In July 2025, KC Lee developed a reusable MNIST CNN Prediction Visualization Script for the KU-BIG/KUBIG_2025_FALL repository. The script enables users to visualize random predictions from a convolutional neural network trained on MNIST, displaying both ground truth and predicted labels to streamline model evaluation and debugging. KC Lee implemented the solution using Python and Jupyter Notebook, leveraging libraries such as PyTorch, NumPy, and Matplotlib for data handling and visualization. While the work focused on a single feature, it addressed a common need in computer vision workflows by providing a lightweight tool to accelerate model validation and improve stakeholder communication.
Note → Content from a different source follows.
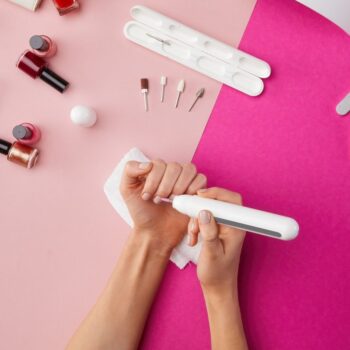 10 Der Besten Manicure & pedicure sets 2026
July 2025 performance summary for KU-BIG/KUBIG_2025_FALL. Key feature delivered: MNIST CNN Prediction Visualization Script that visualizes random predictions from a CNN trained on MNIST, displaying ground truth and predicted labels to aid evaluation and debugging. No major bugs fixed this month. Overall impact: provides a lightweight, reusable visualization tool to accelerate model validation, improve QA feedback loops, and communicate model behavior to stakeholders. Technologies demonstrated: Python scripting, data visualization, CNN evaluation workflows, and Git-based versioning.
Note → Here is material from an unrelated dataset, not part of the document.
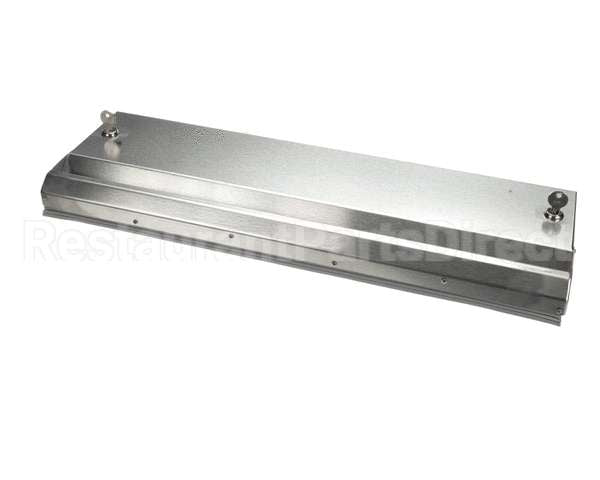 200-60113-01 Traulsen Drawer Front Assly With Lock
July 2025 performance summary for KU-BIG/KUBIG_2025_FALL. Key feature delivered: MNIST CNN Prediction Visualization Script that visualizes random predictions from a CNN trained on MNIST, displaying ground truth and predicted labels to aid evaluation and debugging. No major bugs fixed this month. Overall impact: provides a lightweight, reusable visualization tool to accelerate model validation, improve QA feedback loops, and communicate model behavior to stakeholders. Technologies demonstrated: Python scripting, data visualization, CNN evaluation workflows, and Git-based versioning.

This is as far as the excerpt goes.